Top of DATA PROVIDED

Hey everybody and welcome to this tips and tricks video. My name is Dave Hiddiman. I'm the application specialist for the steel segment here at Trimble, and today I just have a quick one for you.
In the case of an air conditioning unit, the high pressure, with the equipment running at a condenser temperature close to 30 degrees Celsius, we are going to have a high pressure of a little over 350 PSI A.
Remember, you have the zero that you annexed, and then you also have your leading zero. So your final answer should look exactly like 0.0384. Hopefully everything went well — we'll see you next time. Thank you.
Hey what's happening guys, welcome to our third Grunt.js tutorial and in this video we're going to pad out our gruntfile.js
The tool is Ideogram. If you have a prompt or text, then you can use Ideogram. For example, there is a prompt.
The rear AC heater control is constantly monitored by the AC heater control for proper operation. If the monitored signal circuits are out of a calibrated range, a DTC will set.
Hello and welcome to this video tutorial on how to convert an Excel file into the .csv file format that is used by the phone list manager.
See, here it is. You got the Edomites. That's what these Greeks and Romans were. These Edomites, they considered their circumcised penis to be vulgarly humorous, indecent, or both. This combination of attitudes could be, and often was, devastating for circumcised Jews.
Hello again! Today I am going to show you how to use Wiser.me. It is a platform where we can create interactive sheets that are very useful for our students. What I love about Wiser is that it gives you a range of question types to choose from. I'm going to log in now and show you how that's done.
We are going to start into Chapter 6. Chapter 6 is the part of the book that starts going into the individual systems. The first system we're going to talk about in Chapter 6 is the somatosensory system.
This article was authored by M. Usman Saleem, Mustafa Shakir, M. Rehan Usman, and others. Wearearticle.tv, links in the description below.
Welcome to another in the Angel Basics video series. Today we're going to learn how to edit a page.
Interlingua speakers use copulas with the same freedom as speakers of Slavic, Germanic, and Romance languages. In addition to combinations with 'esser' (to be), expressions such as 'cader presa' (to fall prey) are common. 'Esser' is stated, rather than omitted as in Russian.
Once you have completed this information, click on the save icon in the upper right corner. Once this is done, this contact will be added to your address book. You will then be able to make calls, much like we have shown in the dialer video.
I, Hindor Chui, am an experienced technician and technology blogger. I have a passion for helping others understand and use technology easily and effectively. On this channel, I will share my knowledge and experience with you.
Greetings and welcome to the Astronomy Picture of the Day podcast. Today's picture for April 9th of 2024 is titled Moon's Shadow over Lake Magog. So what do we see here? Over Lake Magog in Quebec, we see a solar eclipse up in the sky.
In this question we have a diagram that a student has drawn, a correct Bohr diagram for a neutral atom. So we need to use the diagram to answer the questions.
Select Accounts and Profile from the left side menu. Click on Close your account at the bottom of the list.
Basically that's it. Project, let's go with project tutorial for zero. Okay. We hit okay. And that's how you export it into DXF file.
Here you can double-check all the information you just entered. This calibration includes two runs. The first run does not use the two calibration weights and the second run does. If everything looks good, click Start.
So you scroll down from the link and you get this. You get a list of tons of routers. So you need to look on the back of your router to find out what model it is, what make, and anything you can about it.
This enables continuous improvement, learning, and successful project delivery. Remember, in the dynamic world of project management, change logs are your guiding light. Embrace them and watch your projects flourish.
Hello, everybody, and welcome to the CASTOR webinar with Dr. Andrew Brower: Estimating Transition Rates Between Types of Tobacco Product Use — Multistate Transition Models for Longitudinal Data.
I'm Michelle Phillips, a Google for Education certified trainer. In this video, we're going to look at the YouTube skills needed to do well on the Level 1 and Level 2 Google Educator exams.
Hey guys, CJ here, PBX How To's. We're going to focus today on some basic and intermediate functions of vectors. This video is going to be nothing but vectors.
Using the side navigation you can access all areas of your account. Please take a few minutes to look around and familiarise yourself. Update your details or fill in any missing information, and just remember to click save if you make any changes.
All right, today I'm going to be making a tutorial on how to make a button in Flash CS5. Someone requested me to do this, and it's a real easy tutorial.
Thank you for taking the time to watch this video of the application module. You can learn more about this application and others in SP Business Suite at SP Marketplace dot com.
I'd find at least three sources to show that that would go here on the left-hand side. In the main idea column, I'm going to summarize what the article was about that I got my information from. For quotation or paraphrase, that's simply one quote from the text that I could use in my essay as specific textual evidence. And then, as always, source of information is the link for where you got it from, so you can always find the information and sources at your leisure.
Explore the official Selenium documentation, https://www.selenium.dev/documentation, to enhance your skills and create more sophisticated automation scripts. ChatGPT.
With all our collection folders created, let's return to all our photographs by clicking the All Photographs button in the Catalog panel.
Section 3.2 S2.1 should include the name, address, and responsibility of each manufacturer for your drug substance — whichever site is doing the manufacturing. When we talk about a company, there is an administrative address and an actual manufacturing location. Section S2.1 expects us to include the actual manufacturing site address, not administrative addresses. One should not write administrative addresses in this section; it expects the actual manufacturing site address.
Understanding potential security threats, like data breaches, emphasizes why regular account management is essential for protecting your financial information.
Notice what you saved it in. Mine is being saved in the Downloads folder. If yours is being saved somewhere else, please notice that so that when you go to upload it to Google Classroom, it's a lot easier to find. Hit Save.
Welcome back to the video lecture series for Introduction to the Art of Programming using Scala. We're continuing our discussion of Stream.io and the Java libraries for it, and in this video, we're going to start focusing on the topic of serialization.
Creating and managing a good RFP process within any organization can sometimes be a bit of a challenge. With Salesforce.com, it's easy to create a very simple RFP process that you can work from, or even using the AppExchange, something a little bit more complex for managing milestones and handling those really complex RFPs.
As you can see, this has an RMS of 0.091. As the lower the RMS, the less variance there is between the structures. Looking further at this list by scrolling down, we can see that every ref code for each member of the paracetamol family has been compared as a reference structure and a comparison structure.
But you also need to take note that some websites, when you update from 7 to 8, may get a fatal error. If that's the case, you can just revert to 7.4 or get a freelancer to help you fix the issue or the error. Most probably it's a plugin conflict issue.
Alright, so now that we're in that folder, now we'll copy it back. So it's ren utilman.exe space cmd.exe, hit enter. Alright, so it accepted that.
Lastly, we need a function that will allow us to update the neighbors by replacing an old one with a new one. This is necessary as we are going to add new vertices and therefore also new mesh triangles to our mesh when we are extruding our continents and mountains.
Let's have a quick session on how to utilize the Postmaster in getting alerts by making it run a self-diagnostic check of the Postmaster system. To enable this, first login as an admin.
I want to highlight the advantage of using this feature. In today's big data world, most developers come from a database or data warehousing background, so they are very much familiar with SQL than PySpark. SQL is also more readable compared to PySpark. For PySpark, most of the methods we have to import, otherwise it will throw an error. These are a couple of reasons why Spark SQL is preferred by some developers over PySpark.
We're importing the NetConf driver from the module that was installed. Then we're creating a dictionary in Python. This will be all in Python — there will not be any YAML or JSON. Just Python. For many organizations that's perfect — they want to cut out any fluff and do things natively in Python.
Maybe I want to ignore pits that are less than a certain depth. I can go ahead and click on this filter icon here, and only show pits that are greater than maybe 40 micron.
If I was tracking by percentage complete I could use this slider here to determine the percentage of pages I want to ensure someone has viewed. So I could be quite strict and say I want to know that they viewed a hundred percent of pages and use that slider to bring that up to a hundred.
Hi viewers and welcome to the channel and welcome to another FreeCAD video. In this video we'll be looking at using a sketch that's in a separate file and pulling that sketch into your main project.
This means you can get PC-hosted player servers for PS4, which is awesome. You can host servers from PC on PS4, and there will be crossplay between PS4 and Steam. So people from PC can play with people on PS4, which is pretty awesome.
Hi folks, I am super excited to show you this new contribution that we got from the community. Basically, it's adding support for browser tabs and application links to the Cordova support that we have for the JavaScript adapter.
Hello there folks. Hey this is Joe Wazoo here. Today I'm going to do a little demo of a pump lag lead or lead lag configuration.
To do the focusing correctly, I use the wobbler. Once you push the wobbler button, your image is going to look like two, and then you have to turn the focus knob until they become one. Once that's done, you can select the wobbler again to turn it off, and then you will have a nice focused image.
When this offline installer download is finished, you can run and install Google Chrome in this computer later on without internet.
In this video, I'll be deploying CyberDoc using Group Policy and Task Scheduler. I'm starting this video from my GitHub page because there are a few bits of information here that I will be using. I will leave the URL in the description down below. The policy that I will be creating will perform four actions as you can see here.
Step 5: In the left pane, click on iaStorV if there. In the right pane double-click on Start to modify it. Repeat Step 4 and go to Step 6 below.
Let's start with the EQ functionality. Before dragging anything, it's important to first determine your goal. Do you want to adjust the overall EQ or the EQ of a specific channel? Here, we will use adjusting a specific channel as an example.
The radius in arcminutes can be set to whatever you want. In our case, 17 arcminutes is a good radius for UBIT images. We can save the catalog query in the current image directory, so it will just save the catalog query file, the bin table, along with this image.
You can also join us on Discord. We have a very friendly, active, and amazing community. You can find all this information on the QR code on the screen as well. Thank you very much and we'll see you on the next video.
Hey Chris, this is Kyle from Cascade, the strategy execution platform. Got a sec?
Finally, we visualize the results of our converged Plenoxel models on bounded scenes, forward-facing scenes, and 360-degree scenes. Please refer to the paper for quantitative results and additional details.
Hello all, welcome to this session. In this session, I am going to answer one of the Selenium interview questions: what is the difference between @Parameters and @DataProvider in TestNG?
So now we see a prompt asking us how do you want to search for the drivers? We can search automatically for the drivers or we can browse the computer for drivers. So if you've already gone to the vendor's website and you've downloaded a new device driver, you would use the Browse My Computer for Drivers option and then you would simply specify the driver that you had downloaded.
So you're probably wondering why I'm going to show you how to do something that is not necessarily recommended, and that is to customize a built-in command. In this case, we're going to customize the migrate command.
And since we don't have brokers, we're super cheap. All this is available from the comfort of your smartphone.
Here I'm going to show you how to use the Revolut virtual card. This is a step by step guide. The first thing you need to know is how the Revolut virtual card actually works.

Bottom of DATA PROVIDED

### DESCRIPTION OF THE TASK
Working through the data above, find every line holding "probably" and copy it.

### ANSWER BELOW
But you also need to take note that some websites, when you update from 7 to 8, may get a fatal error. If that's the case, you can just revert to 7.4 or get a freelancer to help you fix the issue or the error. Most probably it's a plugin conflict issue.
So you're probably wondering why I'm going to show you how to do something that is not necessarily recommended, and that is to customize a built-in command. In this case, we're going to customize the migrate command.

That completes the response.